However one thing linked to this is clear, and I say it above, namely
The majority of my monitoring has focused on inaccuracies of the input power data, for which I can compare to verified alternative sources. Without a specific Open Energy Monitor kit to measure heat output there's no truly verifiable way to ascertain the 'correct' output data, so we're reliant on the formulaic approaches for pretty much any source of information.

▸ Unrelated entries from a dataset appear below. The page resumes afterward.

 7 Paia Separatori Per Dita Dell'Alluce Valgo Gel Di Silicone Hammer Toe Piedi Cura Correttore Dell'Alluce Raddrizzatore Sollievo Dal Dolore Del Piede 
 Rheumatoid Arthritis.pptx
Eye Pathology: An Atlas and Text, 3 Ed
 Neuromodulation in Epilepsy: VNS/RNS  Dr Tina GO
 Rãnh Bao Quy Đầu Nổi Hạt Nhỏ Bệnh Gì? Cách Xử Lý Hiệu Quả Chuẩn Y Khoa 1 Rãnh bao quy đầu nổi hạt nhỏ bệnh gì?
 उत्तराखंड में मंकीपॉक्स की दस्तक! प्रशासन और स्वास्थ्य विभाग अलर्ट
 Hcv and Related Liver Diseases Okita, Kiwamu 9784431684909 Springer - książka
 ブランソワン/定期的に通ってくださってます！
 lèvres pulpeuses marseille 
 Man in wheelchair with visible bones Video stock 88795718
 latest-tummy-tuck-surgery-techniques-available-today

One thing I have done throughout my monitoring period is to compare the two sources of output data (Ecodan reporting and Dongle-derived data via the Open Energy Monitor integration) via scattergraphs of each, as detailed below. The two are reasonably well aligned to each other, with both showing an R-squared correlation of circa 90% on the regression line.
NB: (and something of a digression for this thread) The main issue identified, and I suspect this is endemic across the industry, is how different the actual heat loss data is compared to the heat loss assessment done during the installation. Short of appointing @jamespa as Government Tsar for this area of MCS compliance, the methodology for these calculations is always likely to produce such anomalies. In my case, I had several heat loss surveys carried out by various providers, all of which were consistently in the 8-10kW range, so persuading any of them to rely on other data to reduce their heat pump sizing recommendations would have been a challenge, particularly from the position of being a potential purchaser of a heat pump system and therefore being somewhat reliant on what you are being consistently told by various heat-loss assessments.

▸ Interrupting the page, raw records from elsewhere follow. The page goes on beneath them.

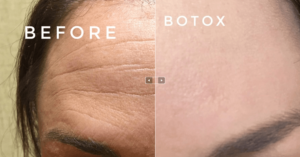 Top DC Plastic Surgeons and Botox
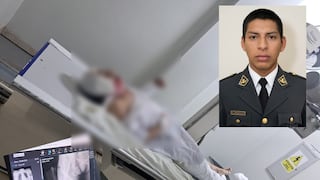 Chiclayo: adulta mayor queda grave tras ser atropellada presuntamente por policía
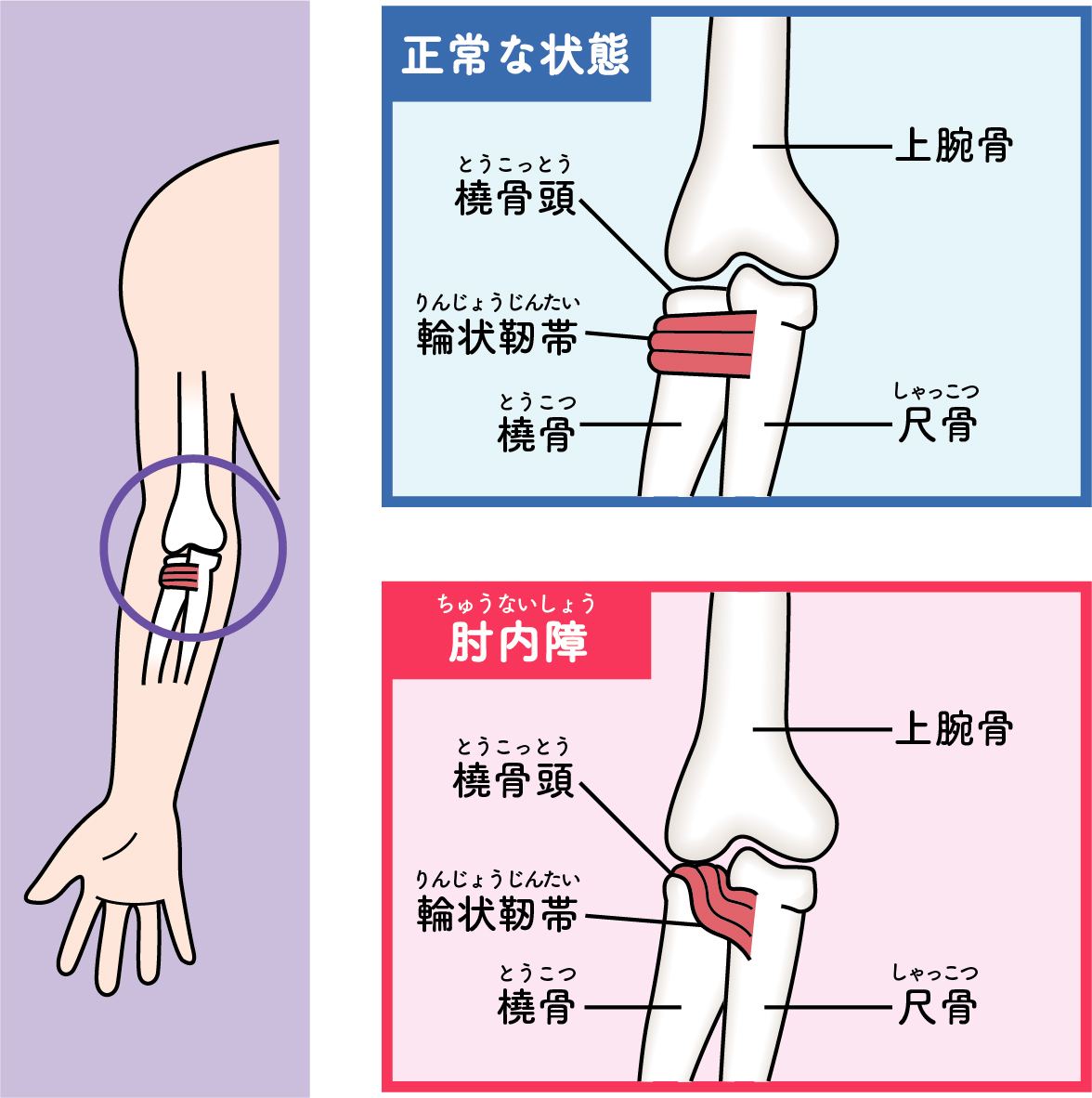 突然腕を動かさない子供…肘内障の治し方と骨折との見分け方・受診目安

For the purposes of the query raised by @ecoste on his own installation, the main point of sharing this data is to attempt to quantify the scale of any error in the output data recording, which the two regression line formulae could potentially be used to assess. Relative to the issues with input measurement, and the general uncertainty in being able to accurately verify output data, I would suggest that this is a lesser source of overall concern. As in my case, the true heat loss relative to the assessed one might be indicative of potential heat pump oversizing, but those inefficiencies are separate to the ones he's trying to demonstrate on the basis of the heat pump's measured performance vs specification.

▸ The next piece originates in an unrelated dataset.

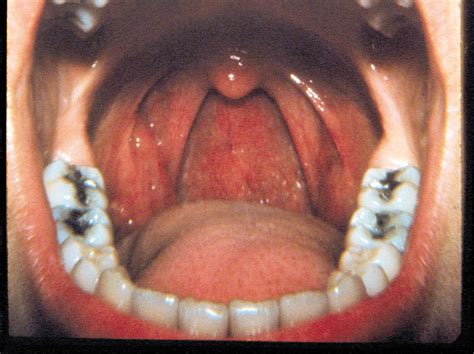 The gallery for   > Hpv On Tongue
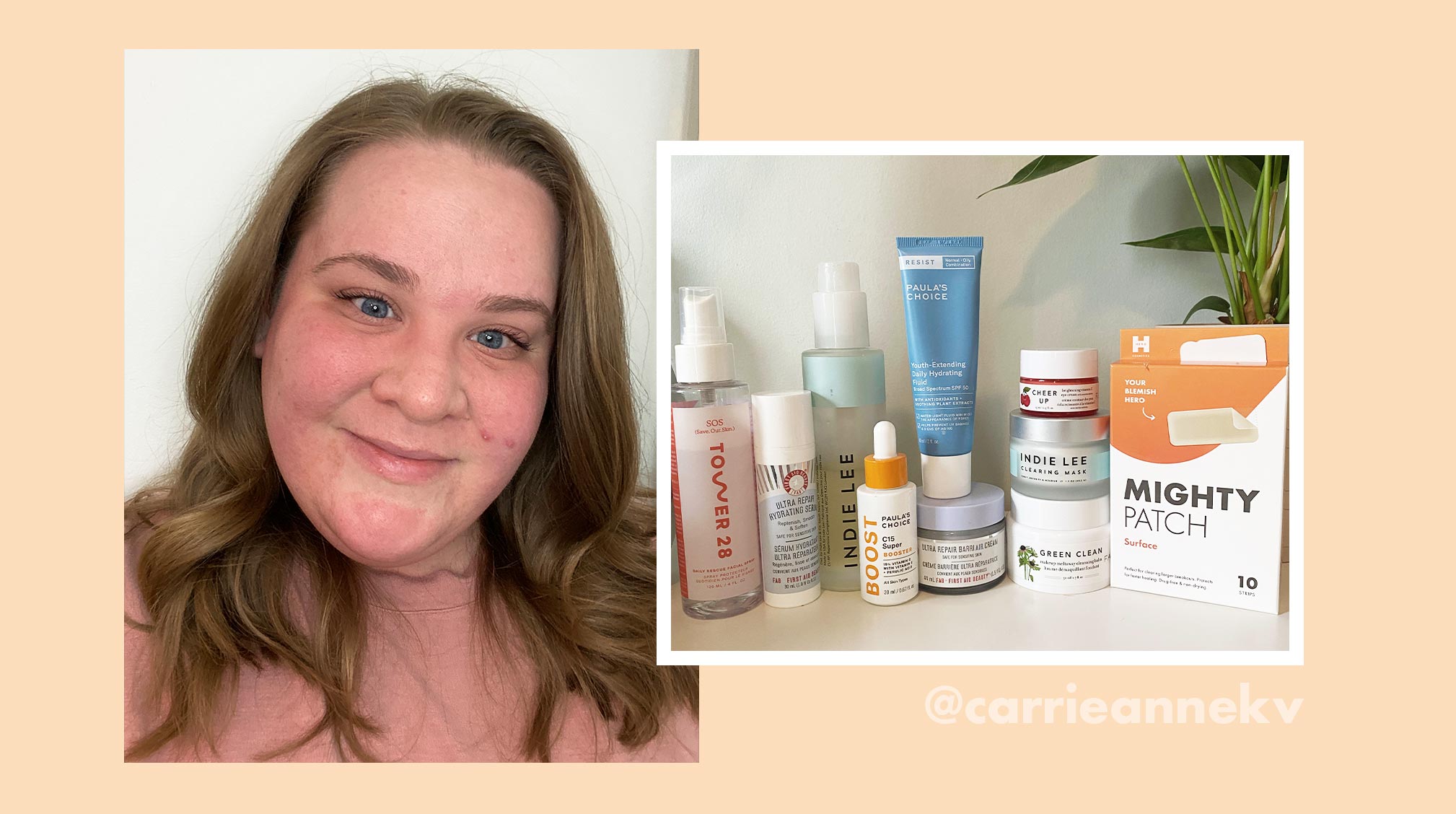 What PCOS Taught Beauty Influencer Carrie Anne About Self-Care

130m2 4 bed detached house in West Yorkshire 10kW Mitsubishi Ecodan R290 Heat Pump - Installed June 2025 6.3kWp PV, 5kW Sunsynk Inverter, 3 x 5.3kWh Sunsynk Batteries MyEnergi Zappi Charger for 1 EV (Ioniq5) and 1 PHEV (Outlander) User of Havenwise (Full control Jun-Dec 2025, DHW only from early Dec) Subscriber to MelPump App data via CN105 Dongle Kit
@sheriff-fatman — nice chart, ten out of ten! Eyeballing the emoncms and Ecodan data, they are the same. If you add 95% confidence intervals for the regression lines (can be done in R if your spreadsheet can't do it) I am sure they will overlap considerably, which in effect means they are the same, or in this context, they are not significantly different, either statistically or in any practical sense.
Quick note: R squared is not the correlation coefficient, r, but that value squared, and it tells us the extent to which the independent variable explains the dependent variable. High R squared, and the data points will be close to the line, lower R squared and they will be more spread out. If all the points are on the line, ie the independent variable 100% explains the dependent variable, then R squared will be 1, as happens for the red data and regression line on your chart.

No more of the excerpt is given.